# Rebuilt Title?



## Coyotex (Feb 10, 2019)

I recently saw an add for a car that had a "rebuilt title". I'll admit, I've never heard of this before, so it got me thinking.....

would U/L accept a vehicle with this so called "rebuilt title"?

Does anyone know what this means and if U/L would accept it?


----------



## Bob Reynolds (Dec 20, 2014)

Uber and Lyft will not accept a rebuilt or salvage type title on their platform.


----------



## TPAMB (Feb 13, 2019)

It means the vehicle had an insurance claim if some sort, was purchased from the insured and a claim paid and the title was then rebranded as a rebuilt title the the new owner, the insurance company.


----------



## DriverMark (Jan 22, 2018)

Yea. The car was totaled out, then rebuilt.

You might get the car on the platform, but they regularly run VIN checks. It would only be a matter of time before the car gets disqualified to drive.


----------



## TPAMB (Feb 13, 2019)

DriverMark said:


> Yea. The car was totaled out, then rebuilt.
> 
> You might get the car on the platform, but they regularly run VIN checks. It would only be a matter of time before the car gets disqualified to drive.


Not necessarily! Cars can have rebuilt tilted and not be severely damaged, hail, flood, undercarriage damage and still be safe to drive.


----------



## DriverMark (Jan 22, 2018)

TPAMB said:


> Not necessarily! Cars can have rebuilt tilted and not be severely damaged, hail, flood, undercarriage damage and still be safe to drive.


True. Totaled only means the insurance totaled it. Sometimes can be something as simple as an airbag deployment, but no other real damage. The price savings can be worth the risk in buying one. Just won't work for and Uber/Lyft.


----------



## TPAMB (Feb 13, 2019)

DriverMark said:


> True. Totaled only means the insurance totaled it. Sometimes can be something as simple as an airbag deployment, but no other real damage. The price savings can be worth the risk in buying one. Just won't work for and Uber/Lyft.


Right on!

Any damage to a Tesla will always total it. Tesla does not allow for independent body shops to perform repairs and parts are impossible to buy from them.


----------



## Mtbsrfun (May 25, 2019)

Get a picture of the underneath of the vehicle; if the frame bolts are new the car is garbage. Vehicles will never respond the same way after the frame is affected, rebuilt or not.


----------



## Rich2nyce (Jan 25, 2016)

No salvage or rebuilt. You may save a few grand going that route but later on, at trade in time you're screwed, especially after the mileage rideshare will add. Dealers will sell a rebuilt but they frown at buying them back.


----------



## TomTheAnt (Jan 1, 2019)

TPAMB said:


> Not necessarily! Cars can have rebuilt tilted and not be severely damaged, hail, flood, undercarriage damage and still be safe to drive.
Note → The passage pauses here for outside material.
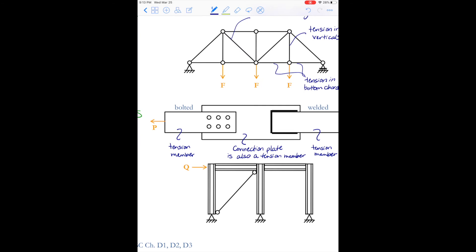Finally, we have braces. We looked at braces on a truss bridge out in the field. For a building, we might have a brace that helps with lateral loads — bringing that lateral load Q to the base of our structure, and ultimately to the foundation.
Yes, but U/L specifically say in their vehicle requirements that no salvage titled vehicles and I'm assuming that also means no vehicles with rebuilt titles.

Not really sure how they check all that, since you don't have to send a copy of your title to them. Guess they are running VIN checks on some database periodically, or something. I buy cars from Copart to flip pretty regularly and been kind of thinking if I should try and see what happens. The cars I buy are ones with minimal body damage and no blown airbags.


----------



## Coyotex (Feb 10, 2019)

TomTheAnt said:


> Yes, but U/L specifically say in their vehicle requirements that no salvage titled vehicles and I'm assuming that also means no vehicles with rebuilt titles.
> 
> Not really sure how they check all that, since you don't have to send a copy of your title to them. Guess they are running VIN checks on some database periodically, or something. I buy cars from Copart to flip pretty regularly and been kind of thinking if I should try and see what happens. The cars I buy are ones with minimal body damage and no blown airbags.


What is "Copart"?


----------



## Rich2nyce (Jan 25, 2016)

Copart is a dealer auction.


----------



## TomTheAnt (Jan 1, 2019)

Coyotex said:


> What is "Copart"?


www.copart.com



Rich2nyce said:


> Copart is a dealer auction.


Individuals can also buy from them.


----------



## 1974toyota (Jan 5, 2018)

Coyotex said:


> I recently saw an add for a car that had a "rebuilt title". I'll admit, I've never heard of this before, so it got me thinking.....
> 
> would U/L accept a vehicle with this so called "rebuilt title"?
> 
> Does anyone know what this means and if U/L would accept it?


rebuilt title? Means a car was in a crash or damaged.,to the point INS said not worth repairing,INS co' figure a car is totalled if it 50-80% damaged? thats when its issued a salvage title,once car is fixed, they give it a rebuilt title? as Clint westwood said in a movie? are ya feeling lucky punk? well are ya? GL, JMO


----------